The plot from then on is predictable, with Amy second-guessing her feelings for Aaron and unconsciously sabotaging their burgeoning relationship.  That Trainwreck ultimately succumbs to rom-com conventions instead of subverting them is disappointing, but the movie has far greater problems.

In classic Apatow fashion, Trainwreck is easily twenty minutes too long.  It’s full of scenes that overstay their welcome, leaving the actors desperately trying to improvise something funny while the audience waits for the movie to get back to that whole “plot” thing.  The worst of these sequences occurs when LeBron James (playing himself) stages a “love intervention” for Aaron along with three mid-level sportscasters (playing themselves) and (for no apparent reason) Matthew Broderick.  There are few things more cringe-worthy than failed attempts at humor, and this scene is utterly painful to get through.

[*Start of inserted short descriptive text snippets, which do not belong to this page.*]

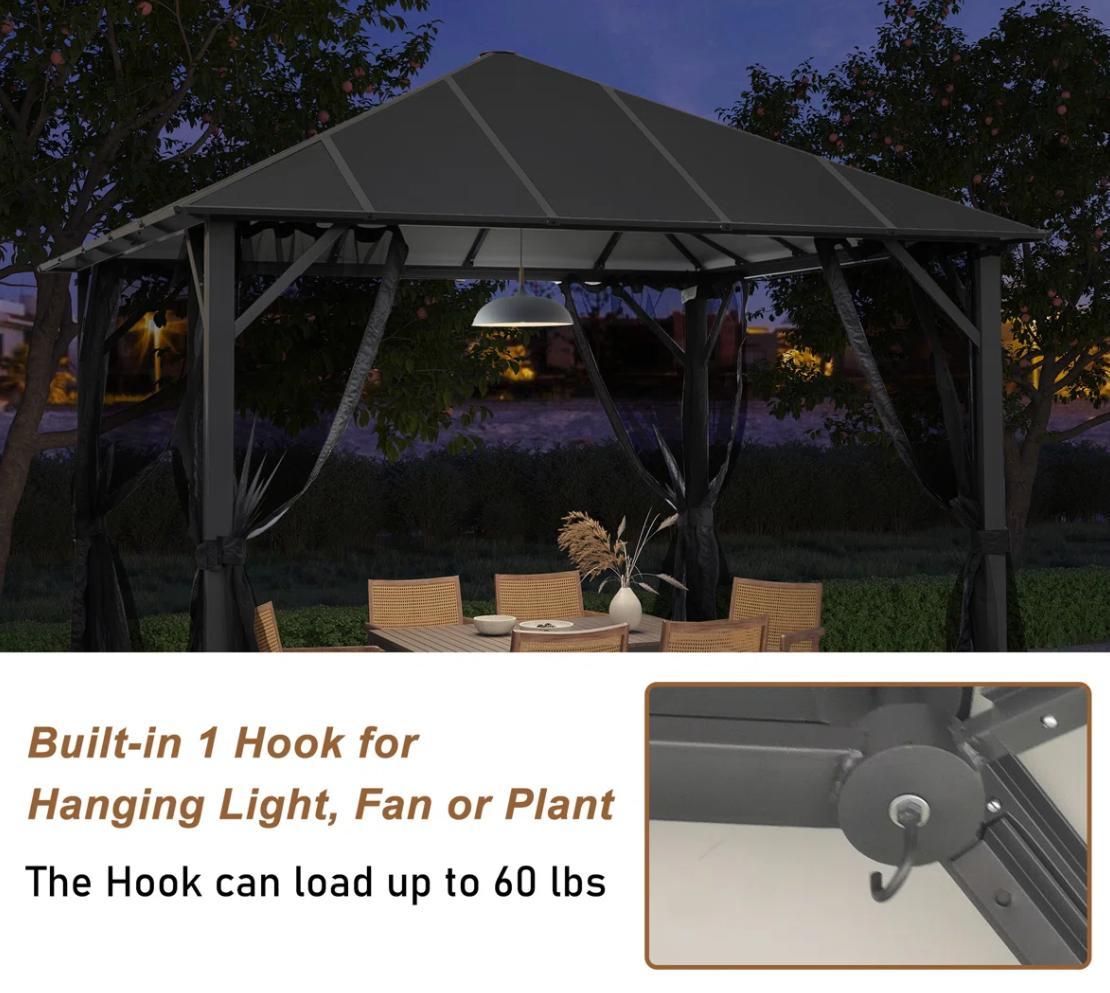 Aluminum Patio Gazebo 10' W X 10' D X 9' 5'' H-Gray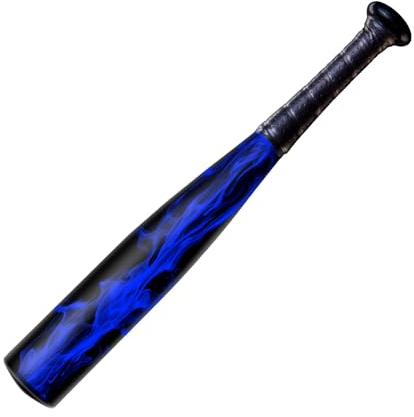 SECOTAN Baseball Bat, Aluminum One Hand Training Bat, Baseball/Softball/Teeball Mini Training Bats, Batting Practice, Tire Pressure Checker, Multi-Purpose Bats for Versatile Use (17inch | Blue Flame)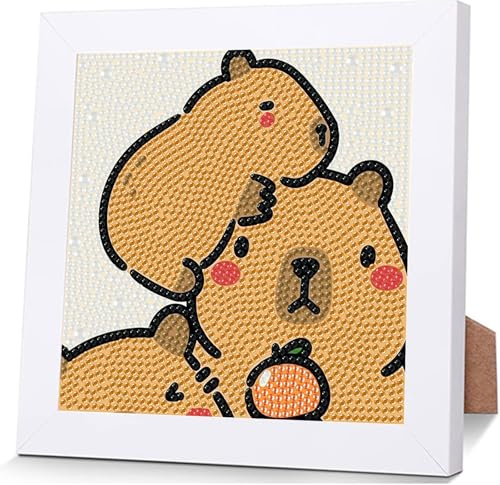 Qiukoo Diamond Painting Kinder ab 6 Jahre Diamant Painting Bilder mit Rahmen Diamond-painting Tiere Capybara Bastelset Kinder ab 7 8 9 10 11 12 Jahre Geschenke Kind (Gelb)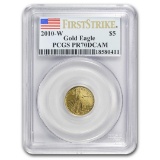 2010-w 1/10oz Proof Gold Eagle Pr70 Dcam Pcgs Fs
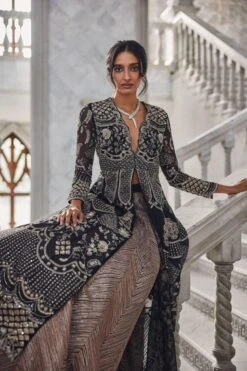 Jayanti Reddy Black Zardosi Embroidered Anarkali Set -Inca Sales Store 26323jrp2 3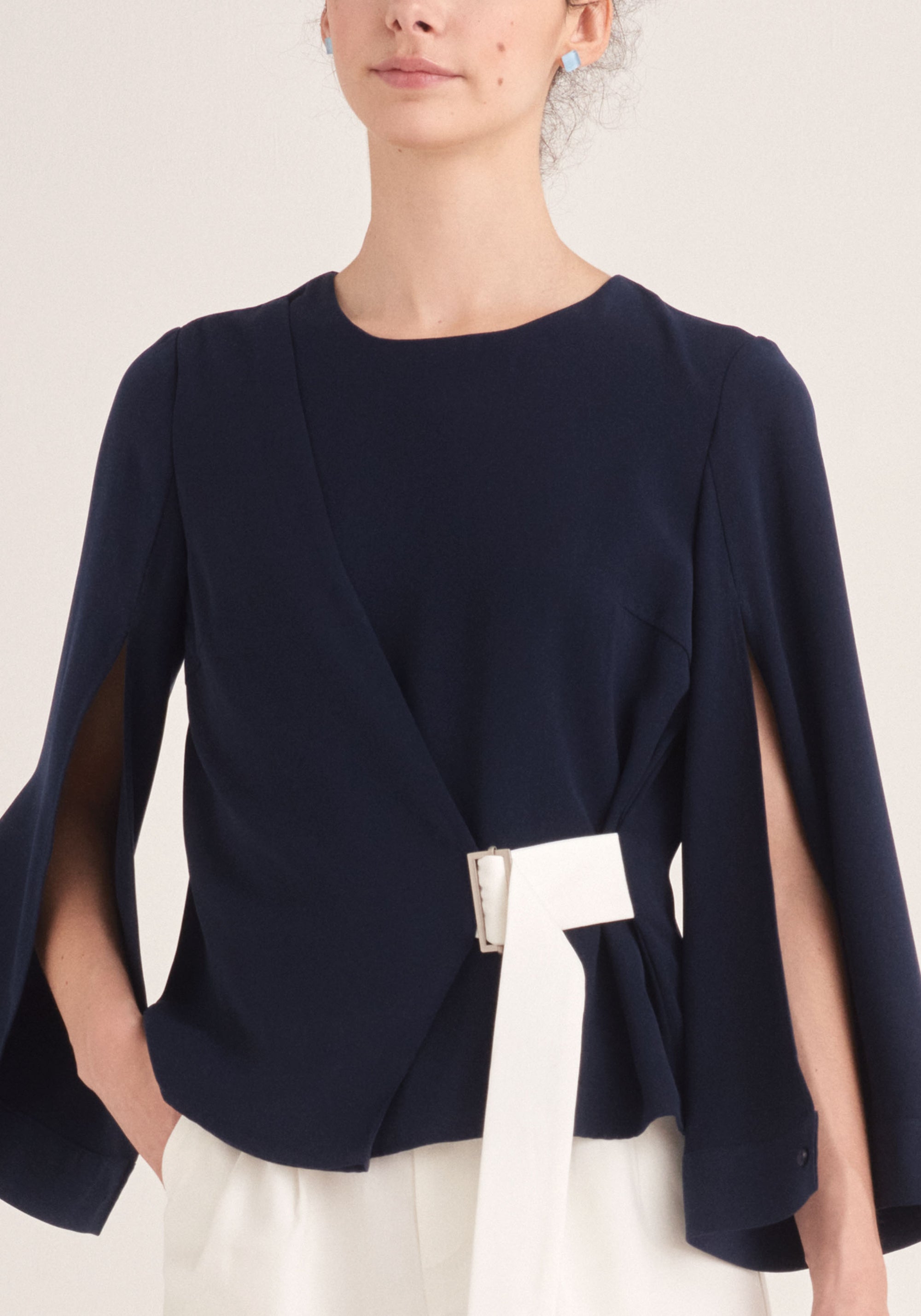 Paisie Wrap Top with Cape Sleeves in Navy and White Close Up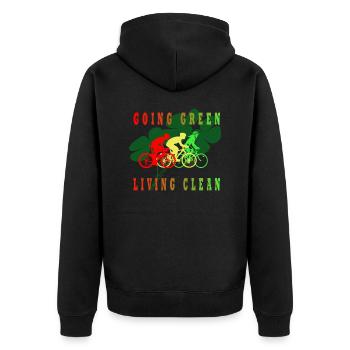I am ecological, I live cleanly - Unisex Premium Organic Zip Hoodie - black - Back - Nico (187cm)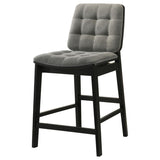 Redbridge Upholstered Counter Chair Grey and Black (Set of 2)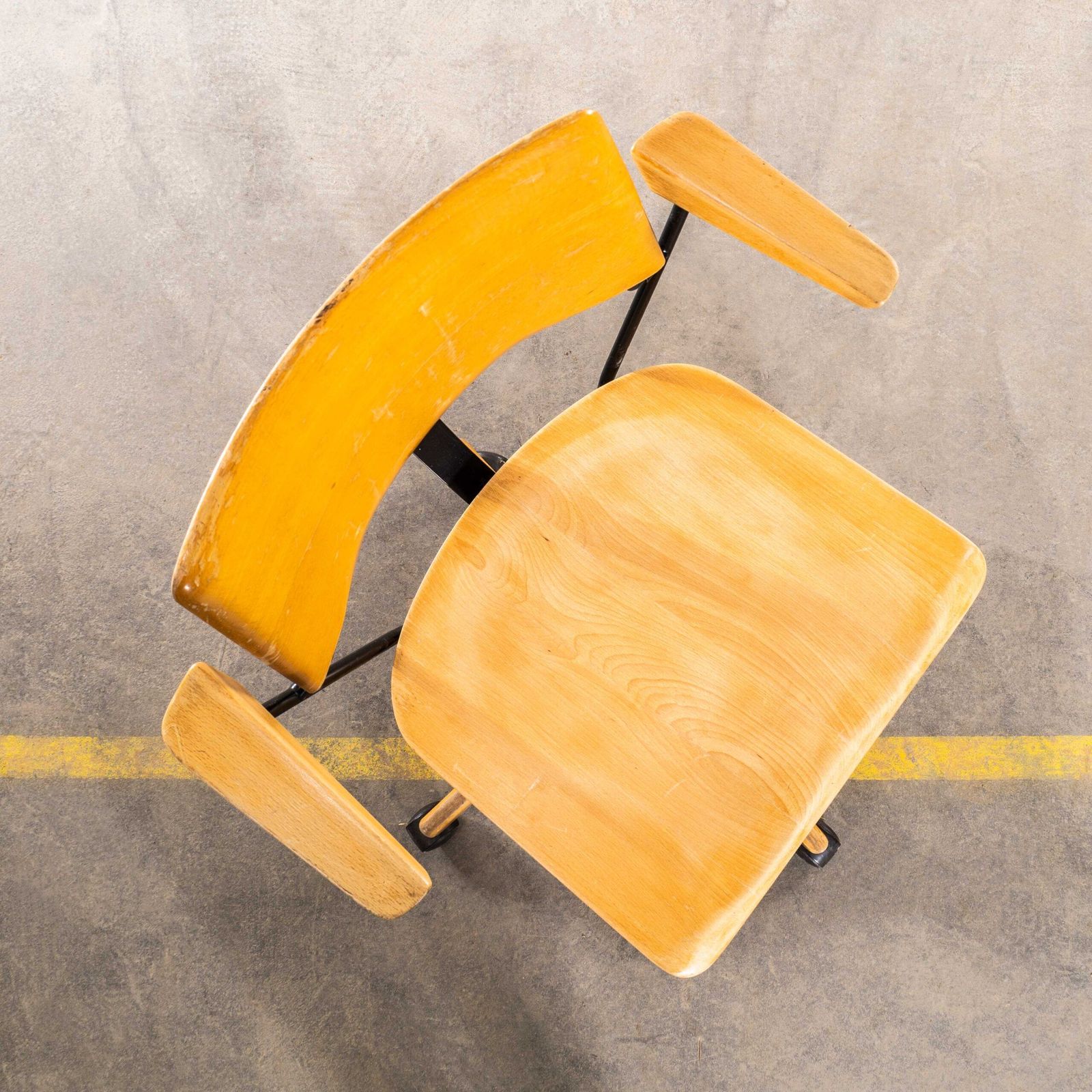 1960’s Giroflex Angular Swivel Desk Chair With Metal Rod Arms photo furniture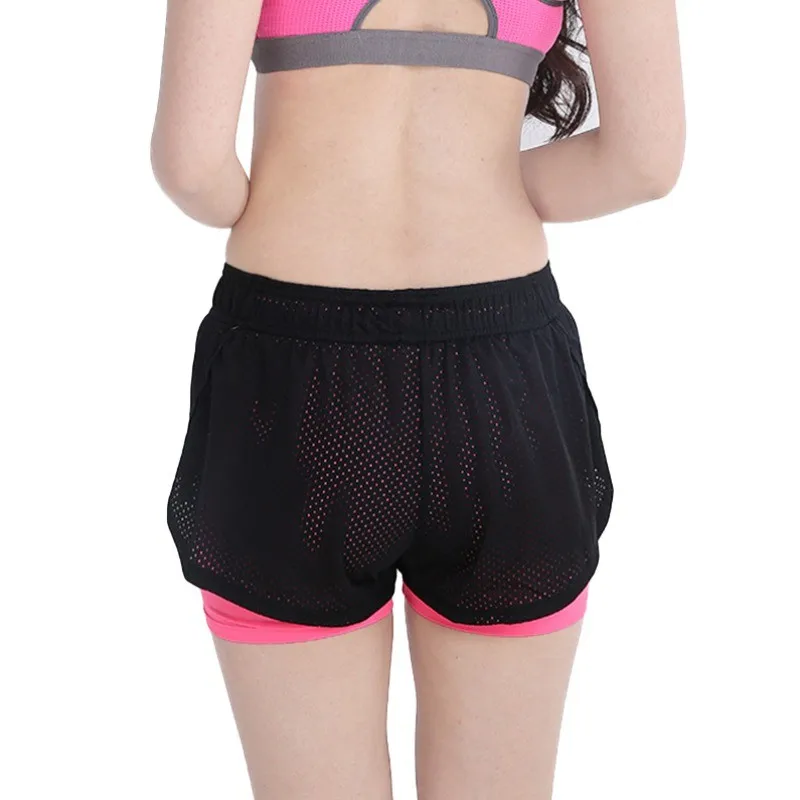 Новинка, женская летняя одежда для фитнеса, короткая крутая одежда, хлопковая сетчатая короткая тренировочная двухслойная одежда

Brie Larson as Amy’s married sister and Colin Quinn as her aging curmudgeonly father turn in solid supporting performances.  The latter’s subplot lets Schumer deliver a heartfelt monologue in the movie’s most serious – and possibly best – scene.  Here, and at a few other points in the movie, she shows real dramatic ability; it’s too bad we see so little of it.

There are some laughs to be had in Trainwreck, most of them courtesy of Hader and Schumer, who share a romantic and comedic chemistry that makes them effortlessly likable.  If only the rest of the movie shared that quality.